Traditionnellement social-démocrate et progressiste, le PQ a vu écorner son image de réformiste au gré des coups de boutoir conservateurs de Lucien Bouchard et de Bernard Landry. Il a bien tenté de se refaire une image d'acteur de changement, mais ce fut à la sauvette et au gré des circonstances, de telle sorte qu'il est bien malin celui qui saura définir le parti aujourd'hui. La gauche ne se reconnaît plus dans le parti, pas plus que cet indéfinissable centre qui semble faire la fortune de François Legault.

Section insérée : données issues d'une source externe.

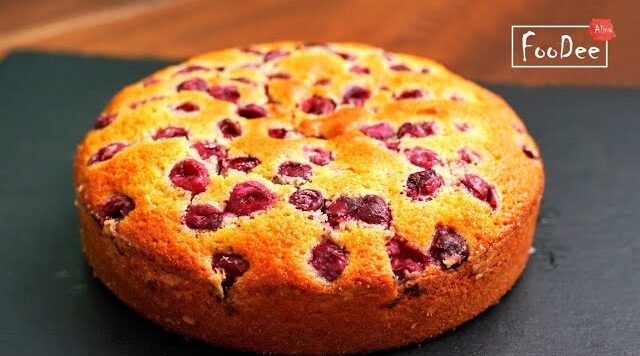 Velmi chutný a jednoduchý kefírový koláč s ovocem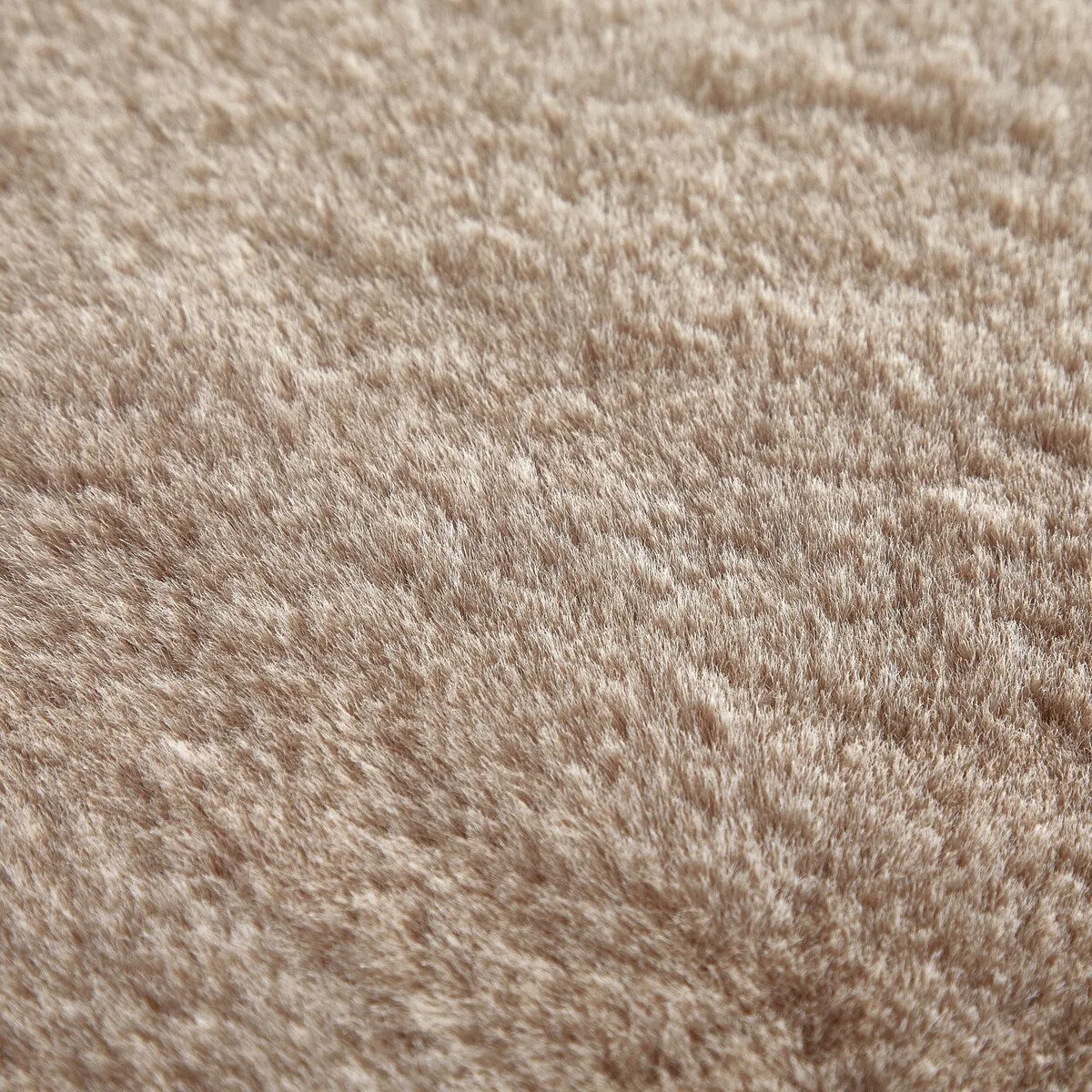 Nanshing Moira Solid Color Soft Shag Accent Rug - 30 x 46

En fait, le PQ ne semble se définir carrément que par sa volonté de réaliser l'indépendance. La stratégie, les échéances, les moyens pour atteindre cet objectif ont monopolisé tous les débats dans le parti au détriment du contenu social et économique. Ce rêve de la souveraineté fut peut-être déjà un atout pour le parti, lui assurant un tiers solide de l'électorat auquel il pouvait ajouter une bonne partie de ceux qu'on appelle les «nationalistes mous». Les fervents, les croyants, les purs et durs sont toujours les derniers à se rendre compte que les temps changent. Ils y opposent jusqu'à la déconvenue finale leur conviction aveugle qu'ils sont dépositaires d'un dogme quasi divin et intouchable.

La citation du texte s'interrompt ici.